Given the equation $$25x^2+20x-10=0$$ I first divided everything by $25$ to get $$x^2+\frac{4x}{5}-\frac{2}{5}=0$$ now after completing the square I get $$(x+\frac{2}{5})^2=\frac{14}{25}$$

Now when I completed the square though only $a$ is an integer. What am I missing with the problem?
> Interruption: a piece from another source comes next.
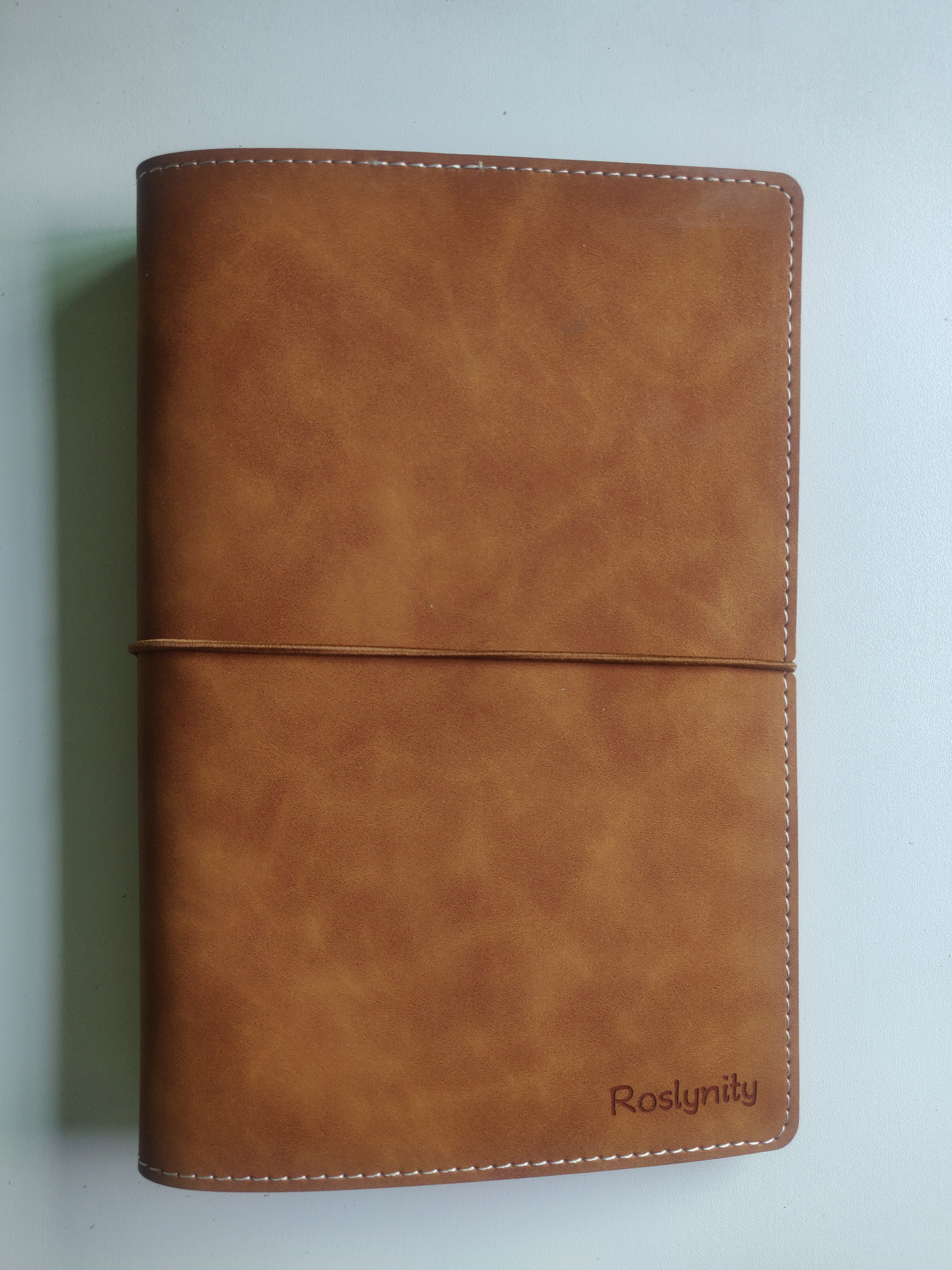Roslynity Photograph albums Multifunctional Travel PU Passport Holder Leather Passport Bag
Roslynity Photograph albums Multifunctional Travel PU Passport Holder Leather Passport Bag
• Don't divide by $25$ on the first step, and proceed as you would usually. – Simply Beautiful Art Mar 7 '17 at 23:13
• Hint: $25=5^2$ so $25x^2+20x=(5x)^2\,+\,2 \cdot(5x) \cdot 2\,+\,\color{red}{?}^{\,2}\,$ – dxiv Mar 7 '17 at 23:20
• The question is not well-posed, since if $\,a,b,c\,$ are a solution so too are $\,an,bn,cn^2,\,$ which follows by scaling $\,(ax+b)^2 = c\,$ by $n^2$. That could be remedied in various ways, e.g. by requiring one of the coefficients to be minimal. – Gone Mar 7 '17 at 23:21

$(x+\frac{2}{5})^2=\frac{14}{25}$

Can be converted to

$(5x+2)^2=14$

Which would give you $a + b + c = 21$

If we don't divide by $5$ on the first step, we end up with

$$25x^2+20x+4=14\iff(5x+2)^2=14$$

Thus, $a+b+c=21$.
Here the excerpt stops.